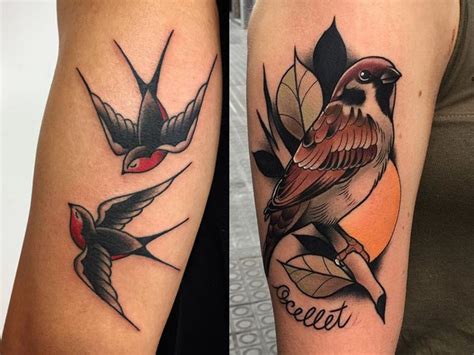 Top 10 Best Sparrow Tattoo Designs And Ideas Tattoo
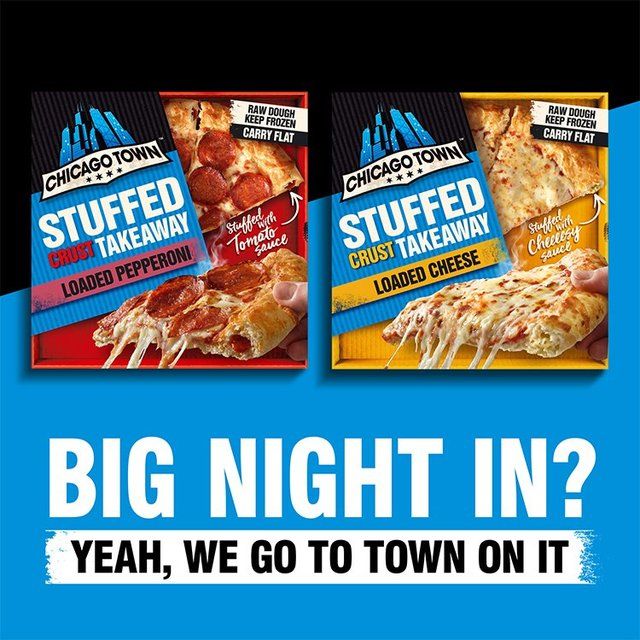 Chicago Town Takeaway Stuffed Crust Cheese Large Pizza 630g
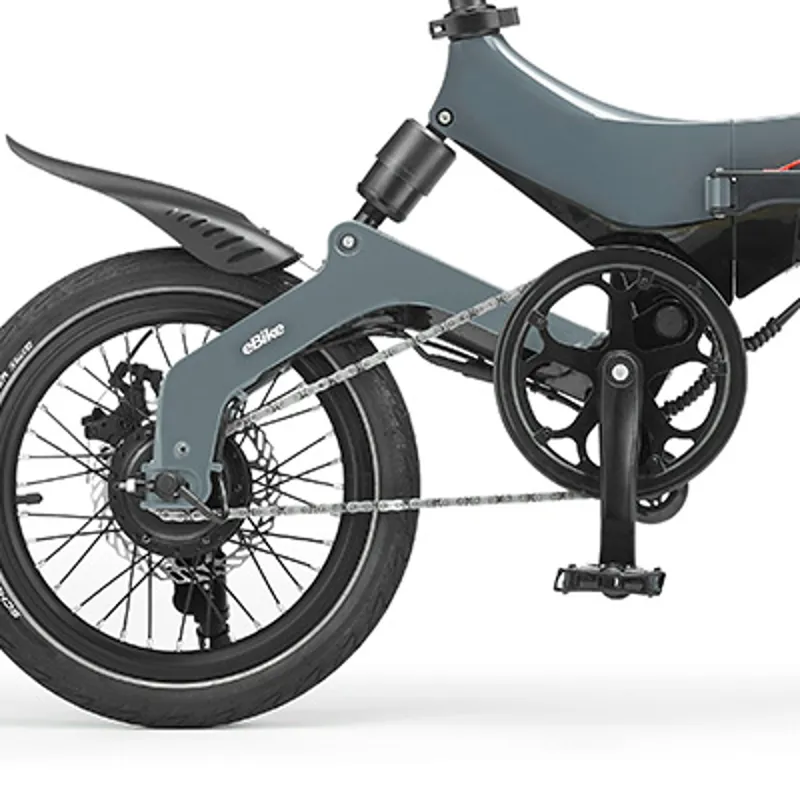 MiRiDER One Folding Electric Bike in Graphene Grey-2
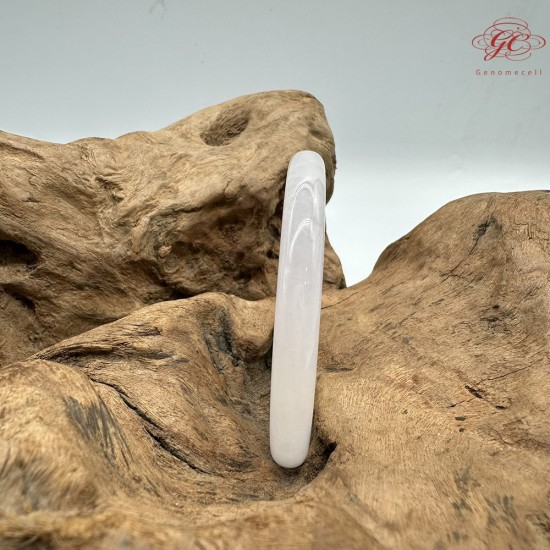 【肌容雪】天然緬甸A貨白底青翡翠美人條手鐲 編號322(鐲圍54.9mm#17號)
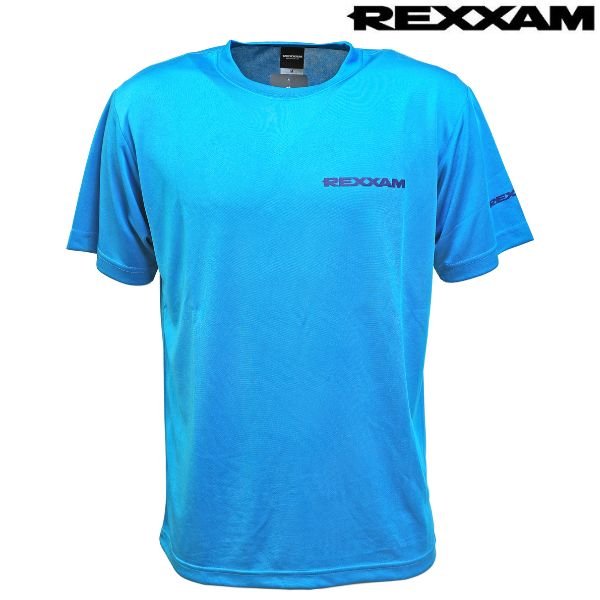 画像1:  レクザム REXXAM ドライ Tシャツ ターコイズ ブルー REXXAM DRY T-SHIRTS TURQUOISE BLUE レグザム (1)
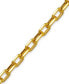 ფოტო #3 პროდუქტის Paperclip Link Chain Bracelet in 14k Gold 7-1/2"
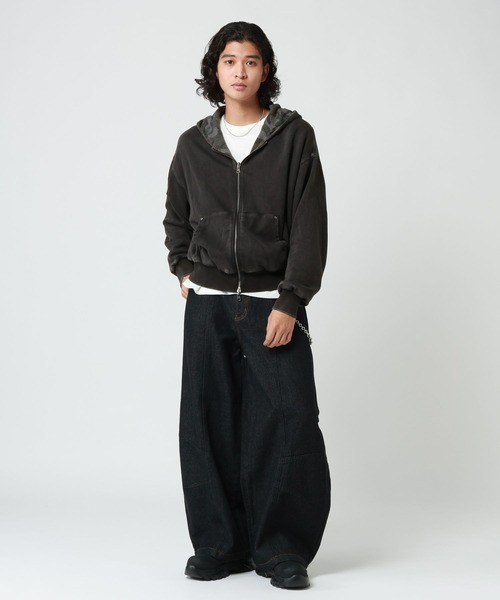 RAGEBLUE(レイジブルー)の「REVERSIBLE CAMOUFLAGE ZIP-UP HOODIE/リバーシブルカモフラ柄ZIPパーカー(パーカー・メンズ・グレー/ブラウン・LARGE/MEDIUM)」の9枚目の写真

━━━━━━━━━━━━━━━━

How to complete this task: Would you return the entries verbatim, minus any images?

Your solution:
 Top 10 Best Sparrow Tattoo Designs And Ideas Tattoo
 Chicago Town Takeaway Stuffed Crust Cheese Large Pizza 630g
 MiRiDER One Folding Electric Bike in Graphene Grey-2
 【肌容雪】天然緬甸A貨白底青翡翠美人條手鐲 編號322(鐲圍54.9mm#17號)
 画像1:  レクザム REXXAM ドライ Tシャツ ターコイズ ブルー REXXAM DRY T-SHIRTS TURQUOISE BLUE レグザム (1)
 ფოტო #3 პროდუქტის Paperclip Link Chain Bracelet in 14k Gold 7-1/2"
 RAGEBLUE(レイジブルー)の「REVERSIBLE CAMOUFLAGE ZIP-UP HOODIE/リバーシブルカモフラ柄ZIPパーカー(パーカー・メンズ・グレー/ブラウン・LARGE/MEDIUM)」の9枚目の写真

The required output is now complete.